Commentary Type

How to Pay for a Refugee Crisis

Jacob Funk Kirkegaard (PIIE) and Thomas Philippon (Stern School of Business, New York University)

Published by Bloomberg View


In the wake of the Paris attacks, Europe faces a twin crisis. It must confront terrorism and it has yet to come up with a common strategy to its immigration crisis, a fact that has encouraged the resurgence of xenophobic parties across Europe. With a tide of up to 1.5 million refugees this year, things may be about to get worse. The free mobility of people is a core value of Europe, but it will get lost if Europe cannot secure its external borders.

The costs of securing external borders, now an even greater priority, and integrating those migrants and refugees who are accepted, will far exceed what current budgets anticipate. Europe could spend €20 billion ($21.36 billion) annually to secure its borders, and between €10,000 and €20,000 per head to integrate newly arrived migrants. The EU annual budget is €140 billion, of which only €143 million is available for external Frontex border control , compared to $32 billion spent annually by the United States on the same tasks. Appropriating even a fraction of this amount from the existing EU budget would be an almost impossible task. Timely action requires finding other funding sources.

Ironically, the solution to Europe's immigration crisis is of the kind that Europe could not reach during the euro crisis: the issuing of security and mobility bonds.

Ironically, the solution to Europe's immigration crisis is of the kind that Europe could not reach during the euro crisis: the issuing of security and mobility bonds (SMBs). These bonds offer the kind of financial engineering, macroeconomic policy, and political economy Europe needs to mobilize collective resources and fund its immigration policy while preserving open internal borders.

The bonds would be partly repaid by the migrants themselves in the long run via higher labor supply, economic growth, and tax revenues. Making SMBs "revenue bonds"—that is, sovereign debt backed by the general tax proceeds of the member states—therefore makes sense. To reduce the fiscal costs for current residents, some migration visa fee income could be earmarked, as in the United States where the Citizenship and Immigration Services section of the Homeland Security department is almost entirely financed by user fees.

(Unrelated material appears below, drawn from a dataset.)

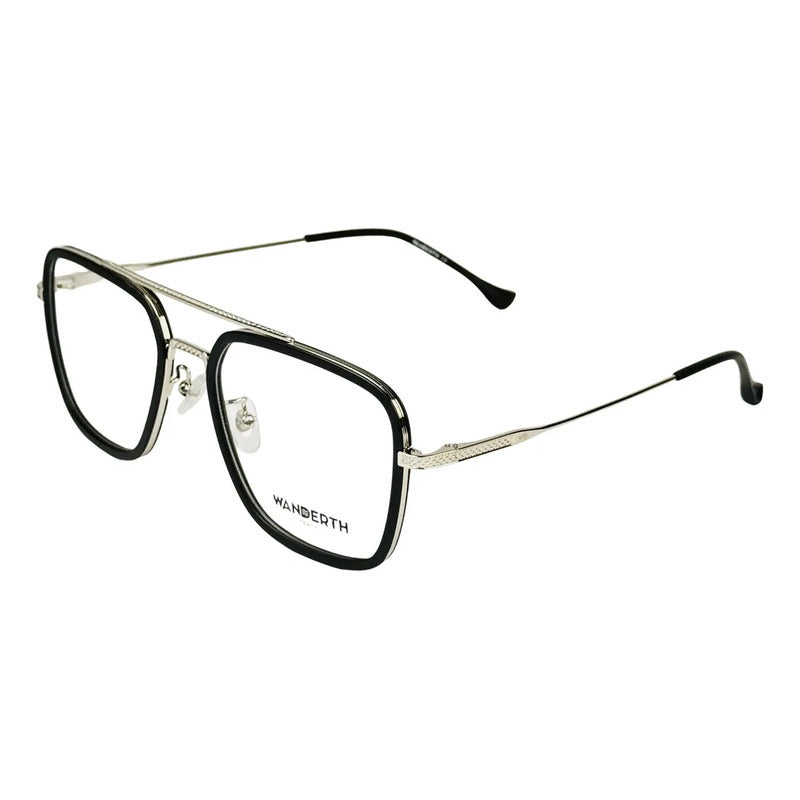 Wanderth Monturas Salvatore Negro/plateado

The macroeconomic case for the bonds is straightforward. Europe today borrows essentially at zero percent and could definitely use a fiscal stimulus of €40 billion going toward maintaining political stability and raising the continent's long-term economic growth rate.

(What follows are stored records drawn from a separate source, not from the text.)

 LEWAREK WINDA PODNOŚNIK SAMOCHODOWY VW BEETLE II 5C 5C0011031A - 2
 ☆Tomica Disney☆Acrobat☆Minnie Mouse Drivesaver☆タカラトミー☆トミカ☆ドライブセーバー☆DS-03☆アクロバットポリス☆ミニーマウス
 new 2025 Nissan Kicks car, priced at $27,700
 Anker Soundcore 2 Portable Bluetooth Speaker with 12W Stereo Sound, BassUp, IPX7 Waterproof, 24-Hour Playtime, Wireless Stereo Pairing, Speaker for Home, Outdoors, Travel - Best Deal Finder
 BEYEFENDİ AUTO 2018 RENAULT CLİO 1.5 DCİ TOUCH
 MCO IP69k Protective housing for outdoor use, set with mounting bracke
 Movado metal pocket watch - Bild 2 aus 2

Finally, and most importantly, the political economy of SMBs is fundamentally different from that of eurobonds in general, for three key reasons.

Historically, debt burdens are mutualized only when they are perceived as coming from shared goals and interests. Alexander Hamilton could mutualize the legacy debt of the war of independence in the United States because it was seen as the consequence of a common fight. For the same reason it has proven impossible to issue eurobonds after the EU crisis: Legacy debt from the crisis was perceived as the consequence of individual misbehavior. The crisis of the open borders project, on the other hand, is perceived as a joint responsibility and can only be solved at the European level.

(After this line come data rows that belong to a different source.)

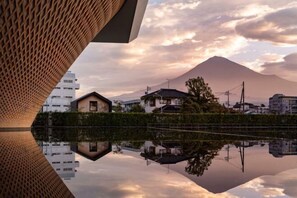 Quang cảnh nhìn từ nơi lưu trú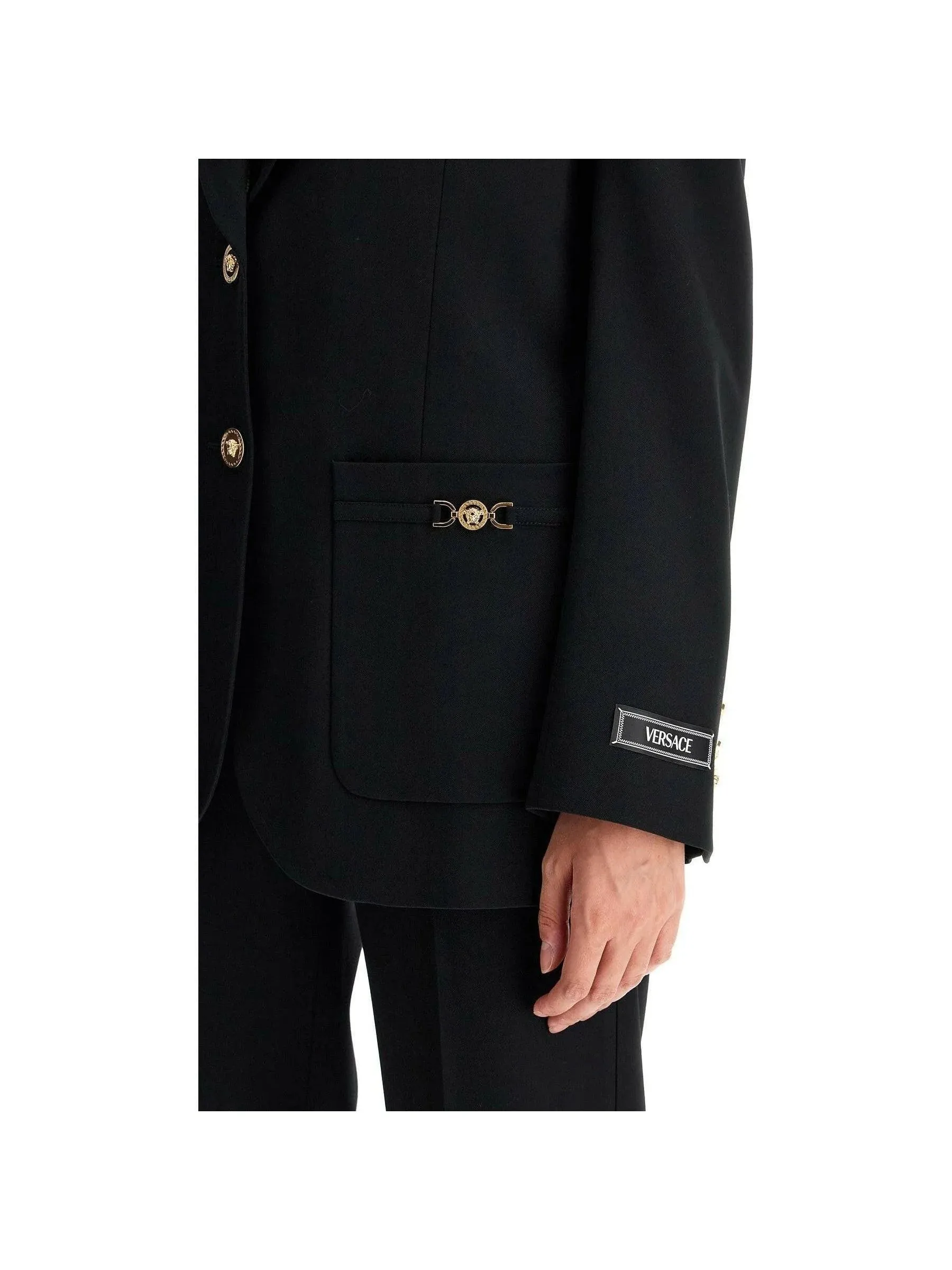 95 Medusa Oversized Blazer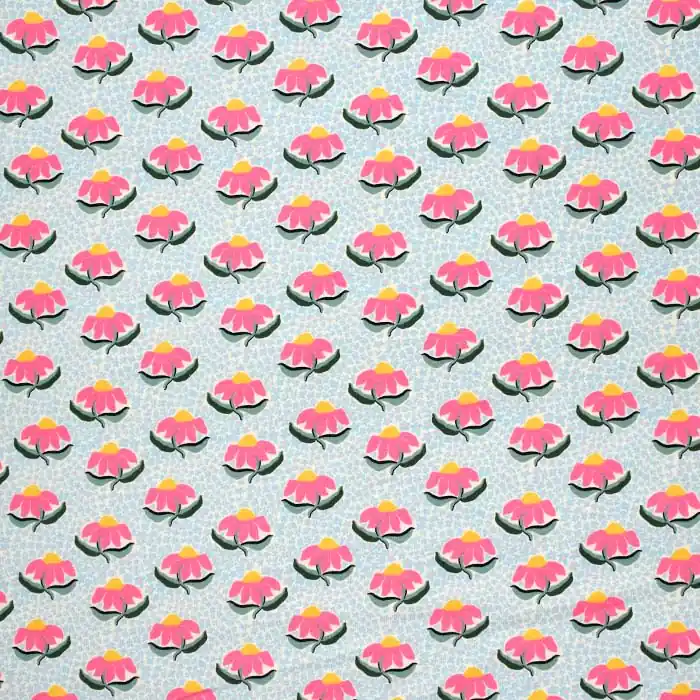 Jersey, Baumwolle, digital, floral, 28021-12 Top-Seller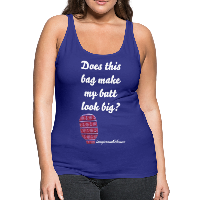 OSTOMY BAG Anchor & Wheel Premium Tank Top (Adult)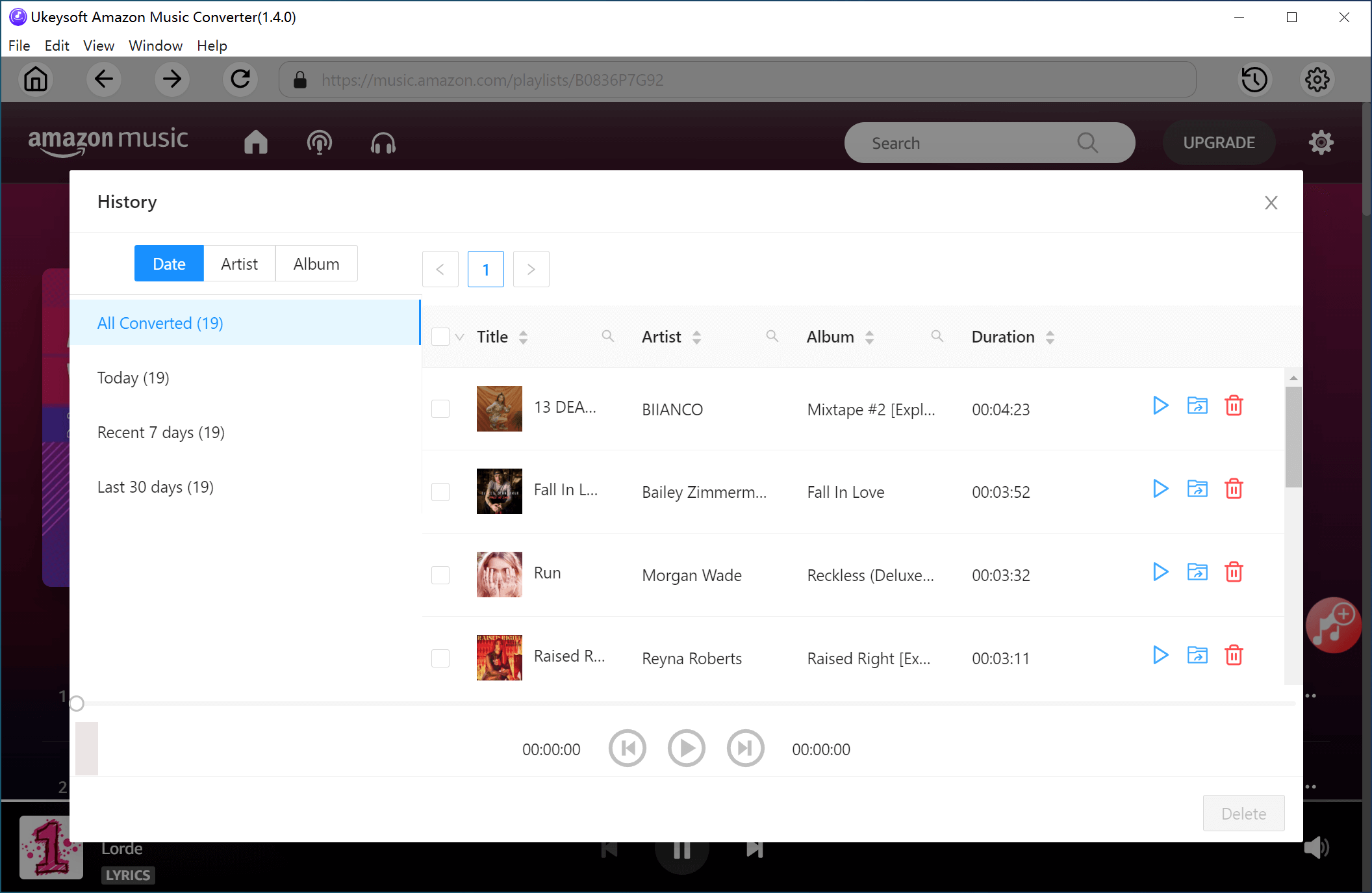 How to Add Amazon Music to YouCut Video Editor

Second, risks from the migrant crisis are more widely shared than those of the financial crisis. Greece and Italy are frontier countries to the Syrian crisis, Germany is the main destination of migrants, and France and Spain have high exposures to Africa. There will be those who balk at the idea; particularly some of the eastern countries who have taken such a strong stand against further immigration. But a strengthened pan-European border is also in their interests and would provide other security benefits.

Third, elevated levels of migration into Europe are the new normal. In the United States, demographic pressures from neighboring countries are likely to decrease as the share of mobile young people declines in Latin America. In Europe's neighboring regions of the Middle East and Africa, the number of young people is still rising rapidly. Migration pressures will continue even if solutions were to be found to the Syrian and Libyan civil wars.

One should never let a serious crisis go to waste. Migration is a long-term problem that requires a long-term common response. Issuing SMBs could finance an ambitious solution and help counteract the threats to European unity.